Abstracts

Rationale: The adrenergic system has been shown to exhibit robust antiepileptic properties without negative effects on learning and memory as often experienced with many antiepileptic therapies. This makes exploitation of adrenergic mechanisms a prime target for new antiepileptic treatments. Integral in learning and memory processes, hippocampal CA3 pyramidal cells are a common focus in temporal lobe epilepsy. We have previously identified an α_2A AR mediated response on hippocampal CA3 pyramidal neurons which robustly inhibits CA3 epileptiform activity. We hypothesize that this receptor inhibits epileptiform activity by disrupting the recurrent excitatory drive between CA3 cells.Methods: Pharmacological and surgical isolation techniques were used to examine the cell type responsible for this αAR response. Using whole-cell recordings in rat hippocampal slices, we examined excitatory post synaptic potential’s (EPSC’s), a measure of synaptic strength, evoked from the major connections of the CA3 pyramidal neurons to further localize this adrenergic effect.Results: Pharmacological and surgical isolation localized this response to the CA3 pyramidal cells themselves. Preliminary evidence suggests that only recurrent CA3 synapses are inhibited by α₂ stimulation, while the excitatory drive to and from the CA3 cells is not inhibited.
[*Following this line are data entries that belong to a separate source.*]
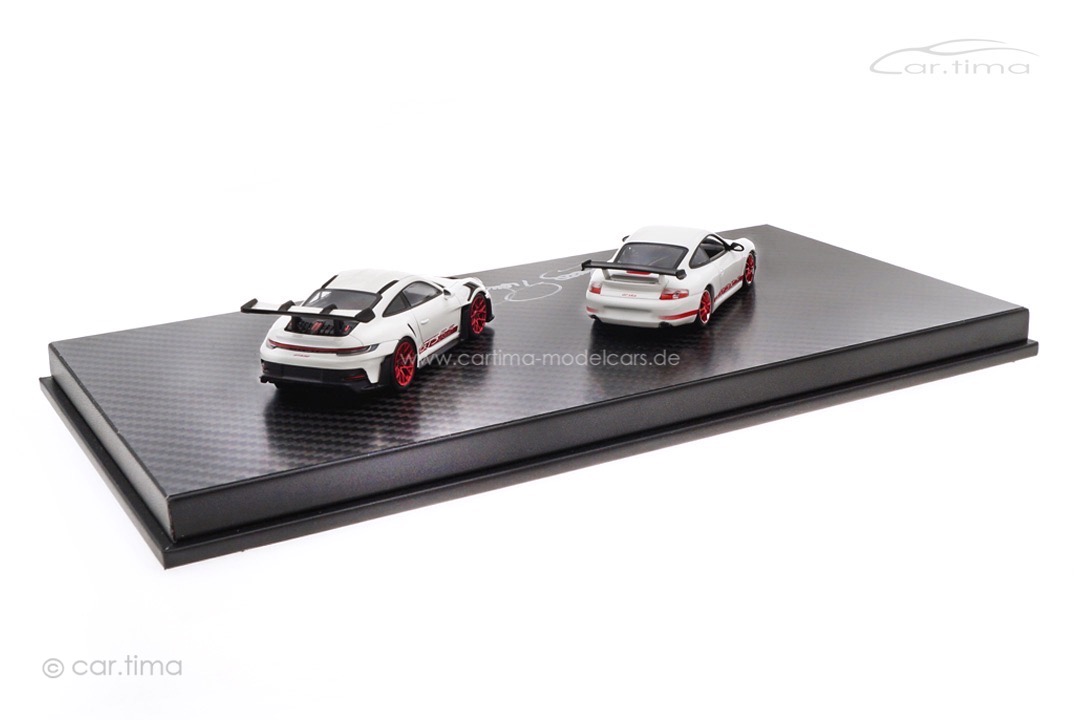 Set Porsche 911 GT3 RS (996/992) Originalsignatur Andreas Preuninger car.tima CUSTOMIZED 1:43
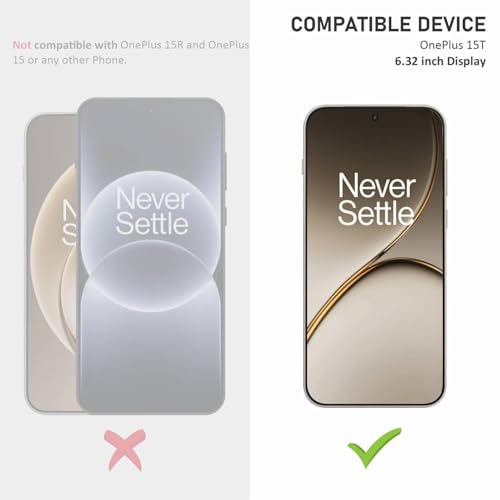 Image of SupCares Tempered Glass for OnePlus 15T (6.32 Inch) With Installation Kit | 9H Edge to Edge Screen Protector | Black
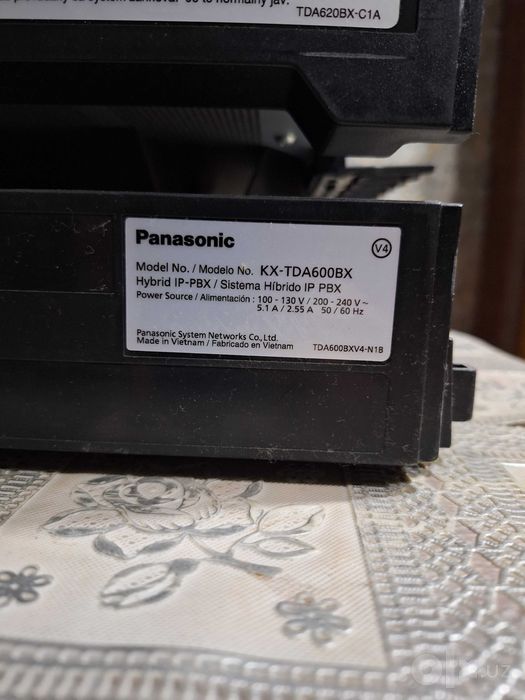 АТС Блок расширения Panasonic KX-TDE 600 на  200 внутренних номеров.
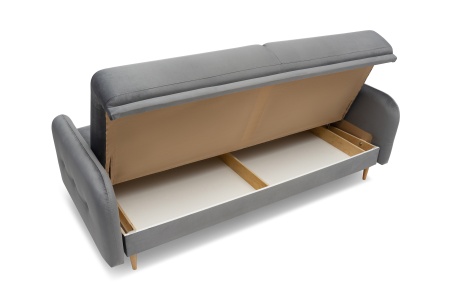 Диван книжка Париж темно-серый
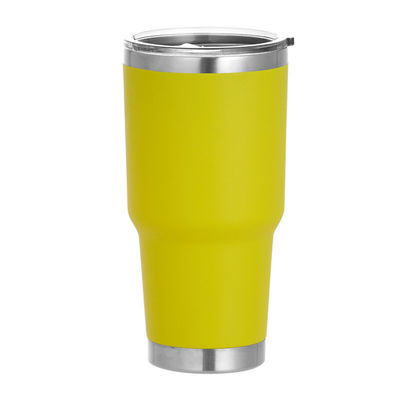 Doppelwandige 900 ml rote Becher für Isolierung und individuelles Design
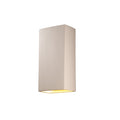 Justice Design Group Ambiance Bisque Outdoor Really Big Rectangle Wall Sconce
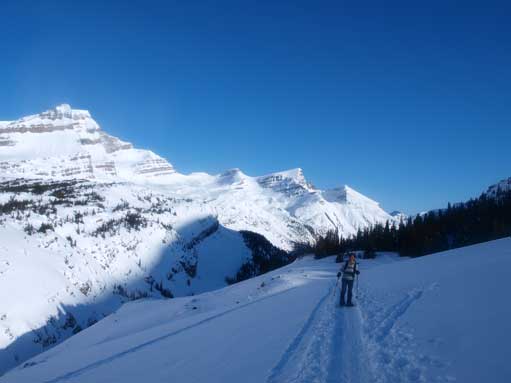 Now we were out of the second canyon, and we were on our way towards Bow Hut
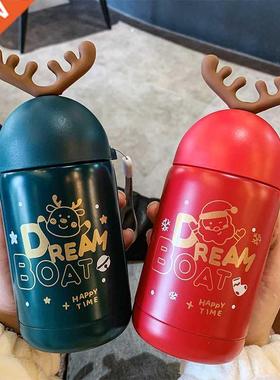 Creative elk Christmas Mug student lovers lovely handy cup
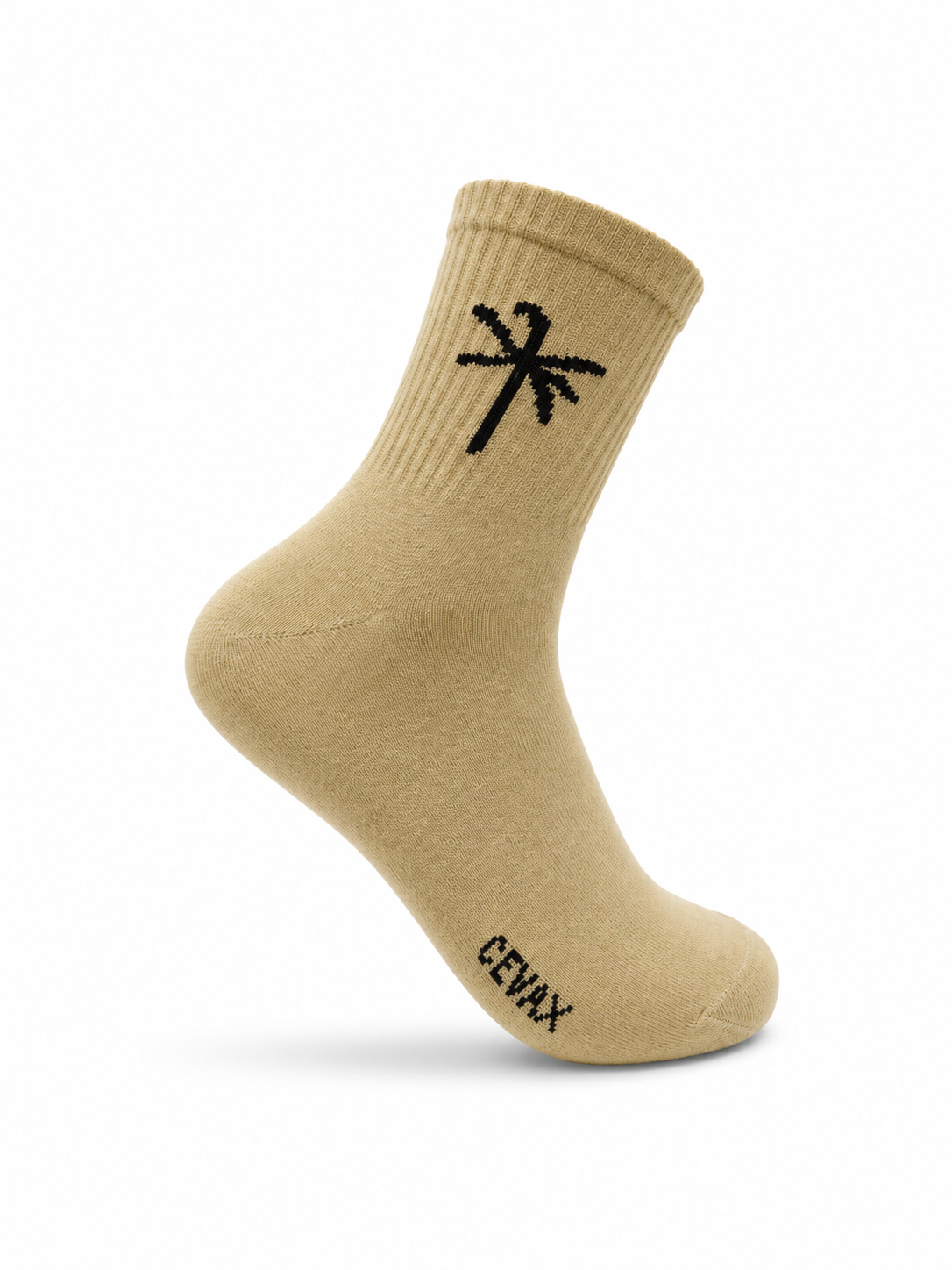 CEVAX Unisex Self Design Mid-Calf/Crew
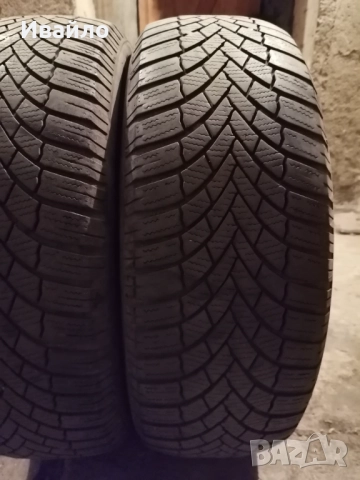 Продавам 2 броя зимни гуми 195.65.15 на 1 сезон дот 2019 Brijiston , снимка 2 - Гуми и джанти - 52745710
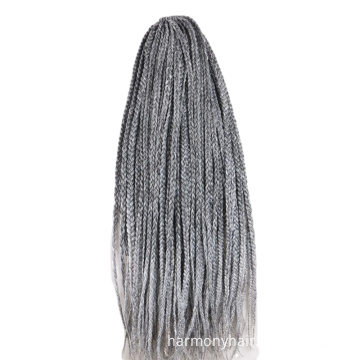 200pcs/carton Free shipping by DHL wholesale 24" 22strands/pack  Pre loop Medium Box Braids Synthetic Crochet Braids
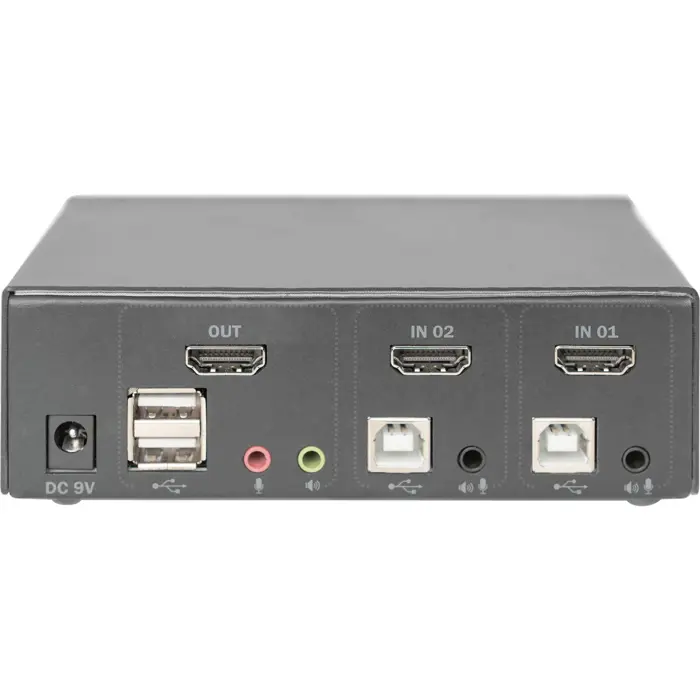 Digitus KVM Switch 2 Port, KVM switch black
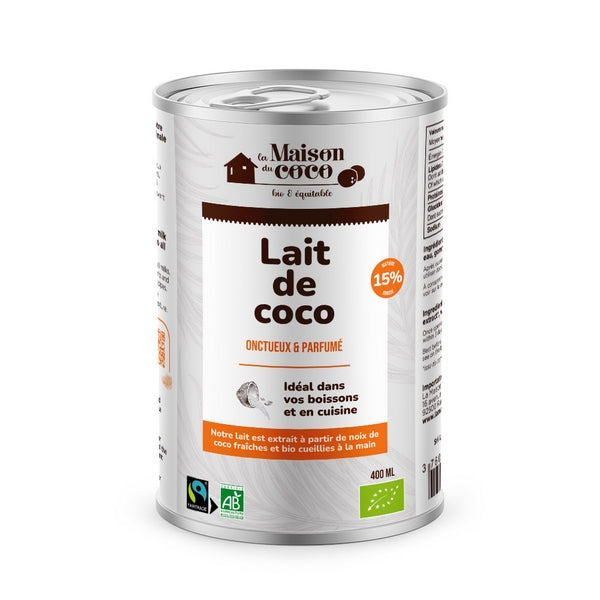 Lait de coco 15% mg bio (équitable) - 400 ml
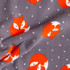 Fleece: Foxes on Grey - Per ½ Metre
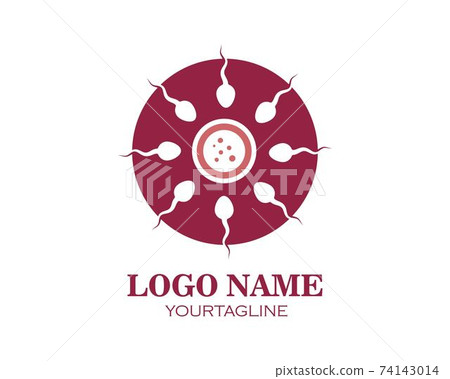 sperm icon logo vector illustration design 74143014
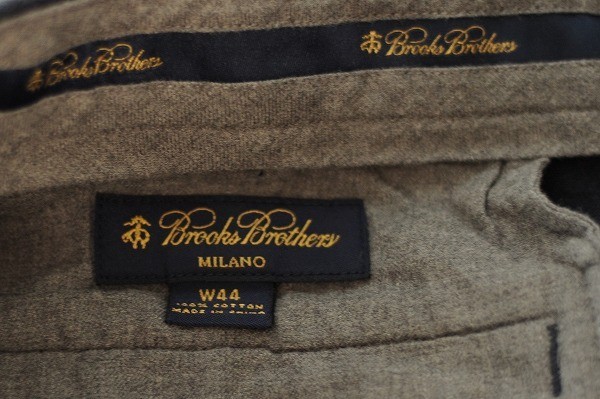 ★【送料無料 希少オーバーサイズ】W44 BROOKS BROTHERS MILANO ブルックスブラザーズ コットン100％ スラックス パンツ ネイビー_画像7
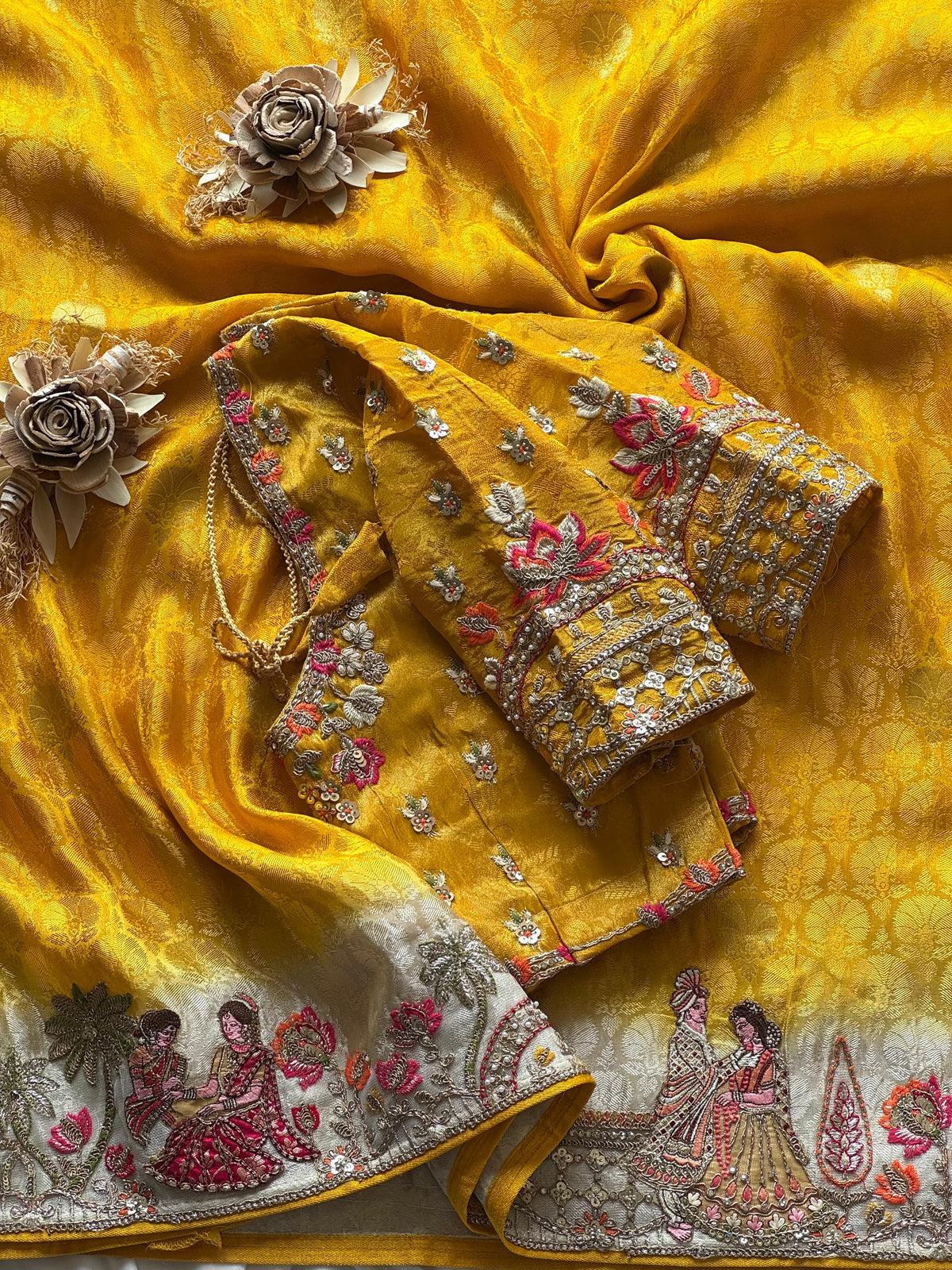 Marigold Muse Saree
Conclusions: Overexcitation of CA3 recurrent synapses is thought to be a primary cause in temporal lobe seizures. Since this α₂AR response is specific to CA3 recurrent synapses, this may explain how the adrenergic system may be antiepileptic while at the same time not affecting other areas of cognitive function such as learning or memory. (This study was funded by the Epilepsy Foundation (CWDJ), North Dakota EPSCoR through NSF grant EPS-0447679 (VAD), NSF CAREER award 0347259 (VAD), and NIH grant 5P20RR017699 from the COBRE program (VAD)).